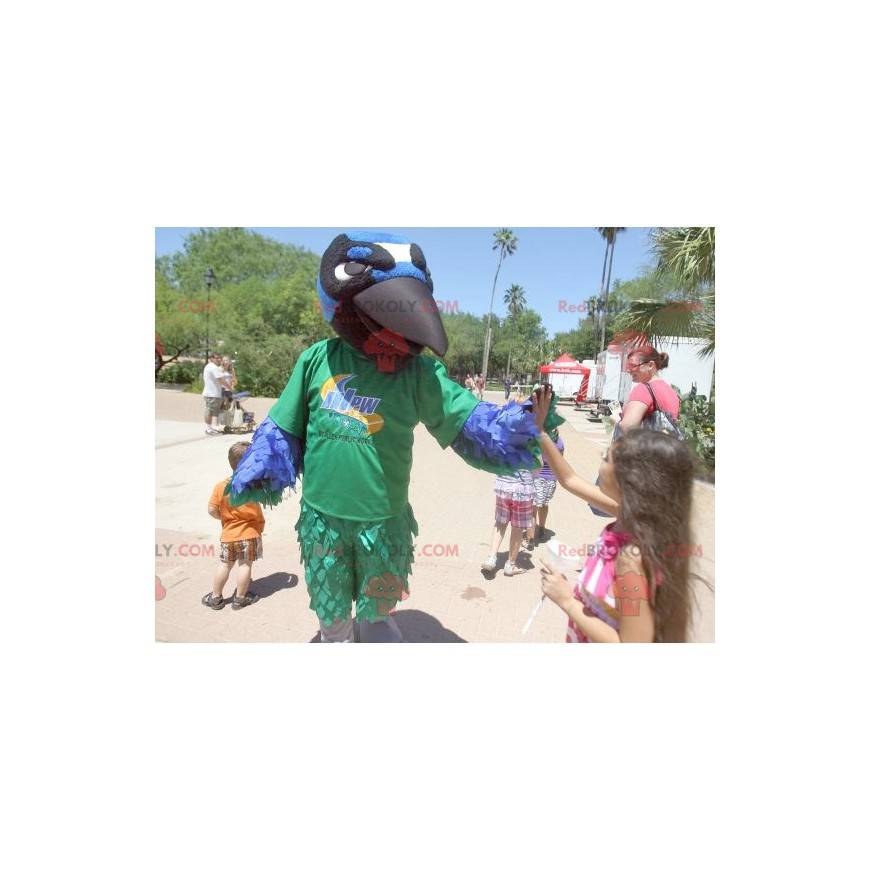 Mascotte d'oiseau vert bleu blanc et noir de corbeau -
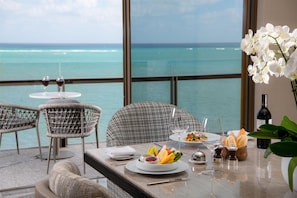 A dining area with a view of the ocean, featuring a table set with plates, glasses, and a bottle of wine. - Waldorf Astoria Riviera Maya, an All-Inclusive Experience (Cancun)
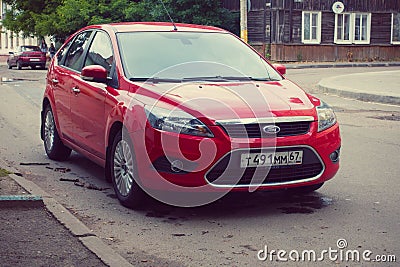 Red Ford Focus parked in street olf old russian city Smolensk. Editorial Stock Photo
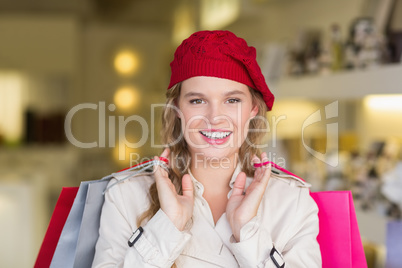 Portrait of a happy smiling woman with shopping bags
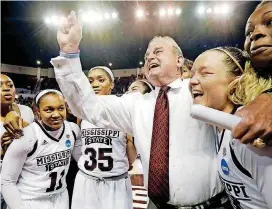  ?? [AP PHOTO] ?? Mississipp­i State basketball coach Vic Schaefer, third from right, wraps his arm around his daughter Blair Schaefer as Mississipp­i State celebrates its 92-71 win over DePaul on Sunday.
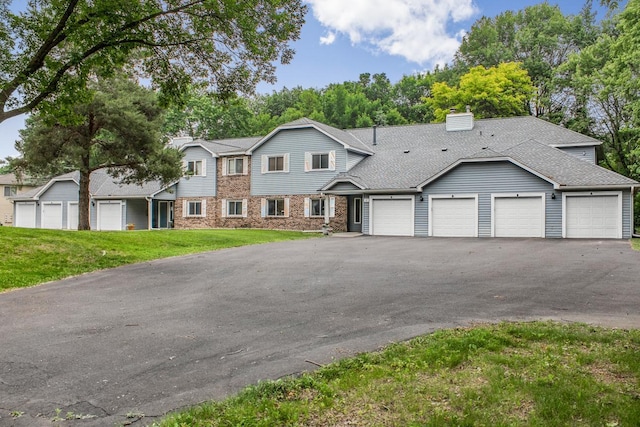 2 Crusader Ave E Unit A, West Saint Paul, MN 55118 - view of property with a front lawn, asphalt driveway, a chimney, an attached garage, and roof with shingles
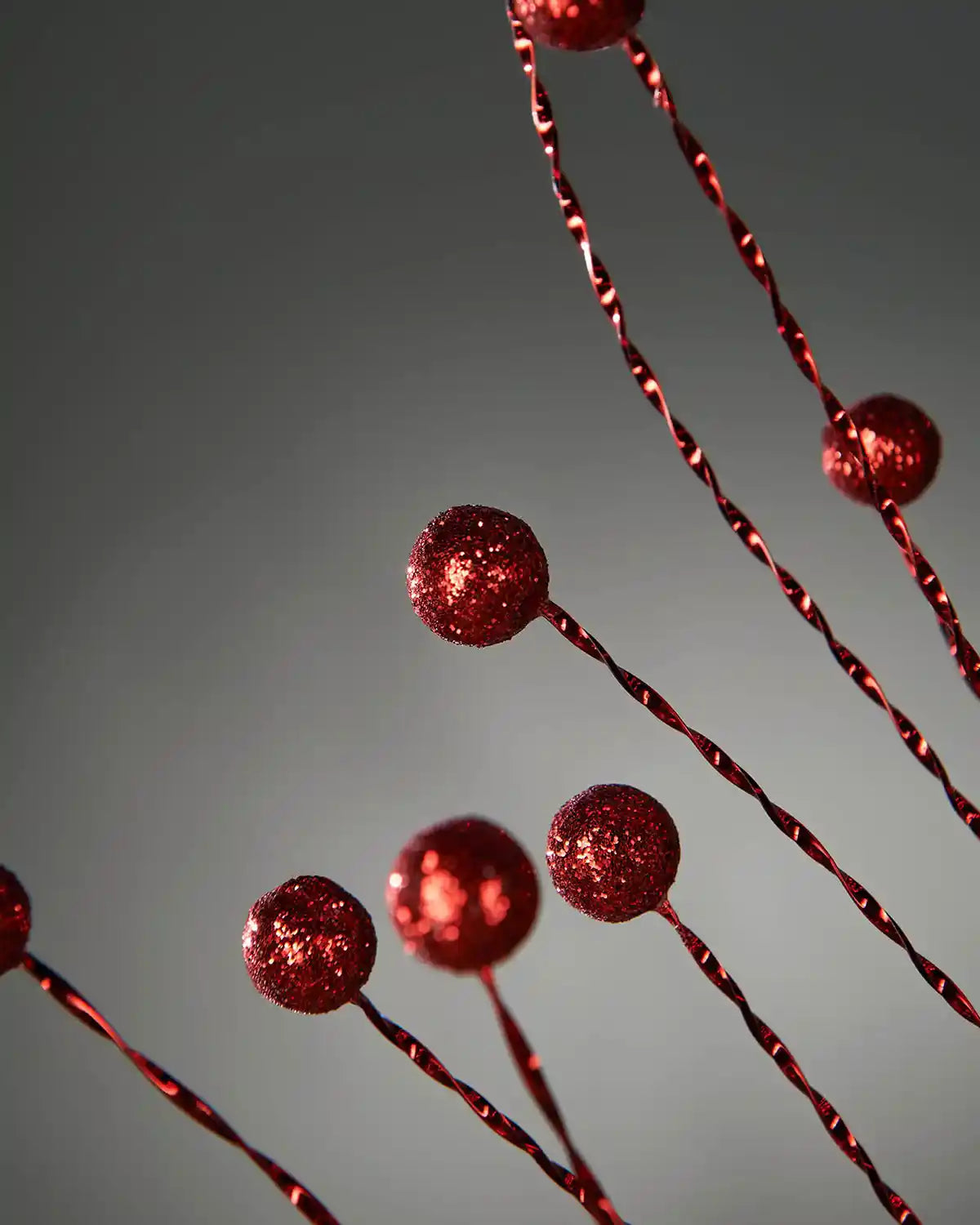 Close up of glitter Red berries on a Christmas tree spray on a grey background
+--
> **Your assignment**:
Exclude all pictures and reproduce verbatim the lines running from the line that contains "Portrait of a" to the end of the data above, both ends included.

> **Solution**:
 Portrait of a happy smiling woman with shopping bags
  ?? [AP PHOTO] ?? Mississipp­i State basketball coach Vic Schaefer, third from right, wraps his arm around his daughter Blair Schaefer as Mississipp­i State celebrates its 92-71 win over DePaul on Sunday.
 2 Crusader Ave E Unit A, West Saint Paul, MN 55118 - view of property with a front lawn, asphalt driveway, a chimney, an attached garage, and roof with shingles
 Close up of glitter Red berries on a Christmas tree spray on a grey background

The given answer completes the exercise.